Marina Hyde’s article on the Post Office scandal (After 20 years, here’s why the Post Office scandal is special: the cover-up is happening in plain sight, 18 July) provided an excellent explanation of its appalling history and consequences. However, it did not highlight one major aspect that requires full investigation and the production of recommendations.
How could it happen that such a large-scale miscarriage of justice could occur without the criminal courts and its judges discovering it through the trial process? What mechanism, if any, existed for judges dealing with such cases to raise concerns outside the trial process itself? This was a miscarriage of justice that involved many of the same features that were present in the infamous miscarriages of justice of the past – non‑disclosure, a failure to understand or facilitate the investigation of scientific evidence, a casual assumption of guilt, and racism. Had these things been forgotten?
An emphatic restatement of the principle that a key function of the criminal process is to ensure that the innocent are not convicted seems overdue. Hopefully Sir William Blackstone’s ratio, “It is better that 10 guilty persons escape than that one innocent person suffer”, has not been eliminated from the collective memory by a tide of penal populism. If the current inquiry does not address the failings of the courts in this scandal, then that needs to be independently addressed elsewhere.
Nicholas Cooke KC
Newport
• I was a subpostmaster for eight years, from 2006 to 2014, and lived in dread of every Wednesday’s “balance”. Despite my daily cash-up always balancing, doing the weekly balance invariably showed a shortfall – usually running to a few hundred pounds, which I was always lucky enough to be able to pay out of the minuscule profits from my village shop.

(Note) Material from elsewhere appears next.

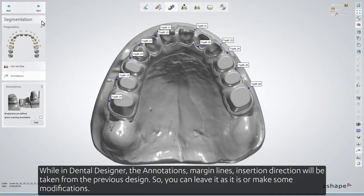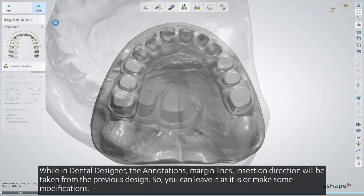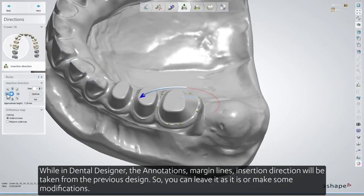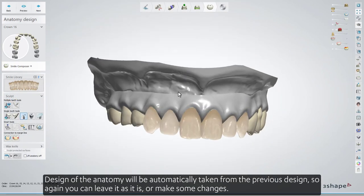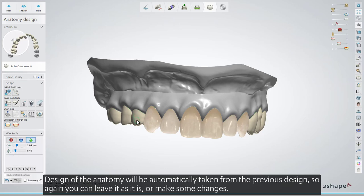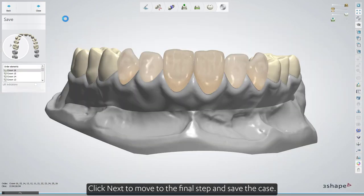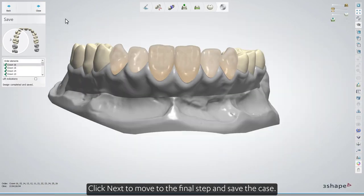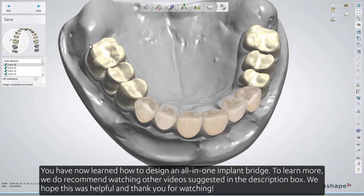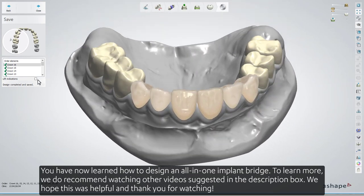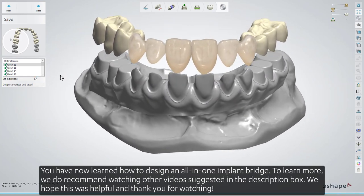While in Dental Designer, the annotations, margin lines, and insertion direction will be taken from the previous design, so you can leave it as is or make some modifications. The design of the anatomy will also be automatically taken from the previous design. Click Next to move to the final step and save the case. You have now learned how to design an all-in-one implant bridge. We recommend watching other videos suggested in the description box. We hope this was helpful — thank you for watching.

Whenever I called the helpline about this, I was told it was my mistake and that “everyone else balances”. So I stopped querying and just kept paying, in humiliation about being a qualified bookkeeper and being unable to balance my post office. I didn’t keep records of how much money I paid Post Office Ltd – I just paid what the Horizon system claimed that I owed.

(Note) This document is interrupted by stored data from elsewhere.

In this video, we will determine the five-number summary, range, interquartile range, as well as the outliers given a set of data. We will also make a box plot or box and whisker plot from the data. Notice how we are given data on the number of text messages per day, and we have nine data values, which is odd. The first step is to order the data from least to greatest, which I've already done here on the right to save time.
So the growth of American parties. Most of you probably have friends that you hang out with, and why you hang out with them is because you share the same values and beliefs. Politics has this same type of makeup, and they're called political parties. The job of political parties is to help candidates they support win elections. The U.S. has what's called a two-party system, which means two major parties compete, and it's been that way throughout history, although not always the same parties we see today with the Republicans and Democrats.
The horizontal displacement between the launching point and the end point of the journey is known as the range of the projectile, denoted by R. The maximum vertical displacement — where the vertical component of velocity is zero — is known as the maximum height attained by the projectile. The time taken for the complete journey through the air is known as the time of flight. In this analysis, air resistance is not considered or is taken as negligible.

I am incandescent with rage at the scandal – and that’s not the only way that Post Office Ltd abused its subpostmasters. It has absolutely zero regard for us and the way it treated us should raise red flags on any number of issues.
Ingrid Jones
Cambridge
• The appalling treatment of our subpostmasters by the Post Office as a result of the failure of its own IT systems does not just shame the executives who blamed their employees rather than admit their own errors. The prosecution of hundreds of people whose only common connection was to work for the same employer should have rung alarm bells somewhere in our system of justice.
The scandal highlights the inherent failings of a judicial system where each case involving these similar offences was brought to court and considered by judges and juries in isolation.
Equally, consideration might also have been given to such a heavy reliance on the same source of evidence, ie a single IT system. What’s more, this “witness”, being a system rather than a person, seems to have been ineffectively interrogated to establish its reliability. Like so many systems, what our legal system is most blind to are the systemic failings, not only of other systems, but of itself.
Timothy Craven
Dorchester, Dorset
• Well done for keeping this scandal alive when so many want it swept under the carpet. I share Marina’s hope that the Post Office executives responsible will soon find themselves in prison, to be joined there by water company bosses for the criminal neglect of our water supply infrastructure.